Una red de relojes atómicos de cesio, sincronizados mediante ondas de radio, velan actualmente por la exactitud de la hora sobre el planeta. Como señaló Davies:  “Ya no nos sirve como cronómetro el giro de la Tierra alrededor de su eje”. Aunque durante siglos ha sido este viejo trompo un magnífico reloj de referencia, la falta de uniformidad de su giro (las mareas, por ejemplo, lo frenan incesantemente y alargan con ello el día en un par de milésimas de segundo por siglo, perceptible para los finos cronómetros actuales), y otras desviaciones estacionales, cuantitativamente similares a estos retrasos seculares, pero irregulares y de signo variable, son circunstancias que en conjunto obligan a añadir al tiempo civil un segundo intercalar cada uno o dos años (el último lo fue el 1 de enero de 1999, a las 0 horas) con el fin de remediar la asincronía entre los tiempos atómicos y los días astronómicos. El día no tiene 86 400 s justos (donde el segundo se define como la duración de 9 192 631 770 períodos de una determinada vibración de los átomos de Cs. Hoy la tecnología alcanza precisiones fabulosas: relojes que en treinta millones de años se desviarían a lo sumo en un diminuto segundo, como el NIST-F1 (Boulder, Colorado).

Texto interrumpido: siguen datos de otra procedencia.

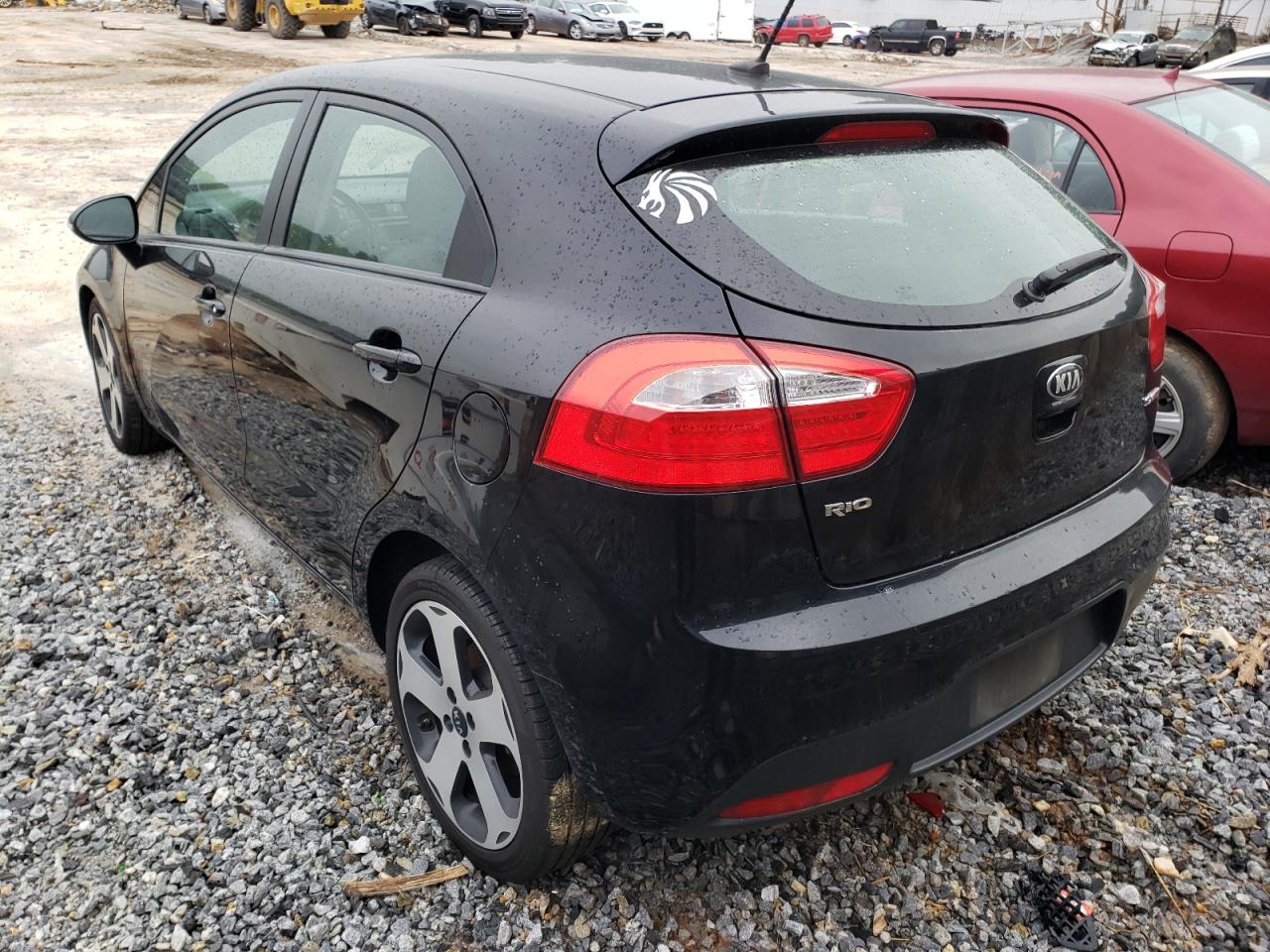 Photo 3 from auction – 2015 KIA RIO EX with VIN KNADN5A36F6428778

Por norma general y para mayor exactitud del sistema, dentro del campo visual de cualquier receptor GPS siempre hay por lo menos 8 satélites presentes. Cada uno de esos satélites mide 5 m de largo y pesa 860 kg . La energía eléctrica que requieren para su funcionamiento la adquieren a partir de dos paneles compuestos de celdas solares adosadas a sus costados. Están equipados con un transmisor de señales codificadas de alta frecuencia, un sistema de computación y un reloj atómico de cesio, tan exacto que solamente se atrasa un segundo cada 30 mil años.

 

 

 

La posición que ocupan los satélites en sus respectivas órbitas facilita que el receptor GPS reciba, de forma constante y simultánea, las señales de por lo menos 6 u 8 de ellos, independientemente del sitio donde nos encontremos situado. Mientras más señales capte el receptor GPS, más precisión tendrá para determinar las coordenadas donde se encuentra situado.

Incluso hay relojes de pulsera comerciales (receptores de señales de radio) con precisión de un segundo por millón de años garantizada por un reloj atómico en una lejana estación. La naturaleza de altísima precisión: la estabilidad del púlsar binario b1855+09 puede ser de unas partes en 10¹⁵ o incluso mejor.

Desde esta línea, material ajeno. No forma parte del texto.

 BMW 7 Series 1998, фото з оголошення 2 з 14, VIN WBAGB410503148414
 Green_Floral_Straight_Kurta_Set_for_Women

                                                           Púlsar binario

 

El tiempo en Newton:

En los PRINCIPIA, Newton empieza con una renuncia a definir el tiempo: El tiempo, el espacio, el lugar y el movimiento son de todos bien conocidos. Y no los defino. Pero digo que el vulgo no concibe esas cantidades más que por su relación a cosas sensibles. Para evitar ciertos prejuicios que de aquí se originan, es conveniente distinguirlas en absolutas y relativas, verdaderas y aparentes, matemáticas y vulgares.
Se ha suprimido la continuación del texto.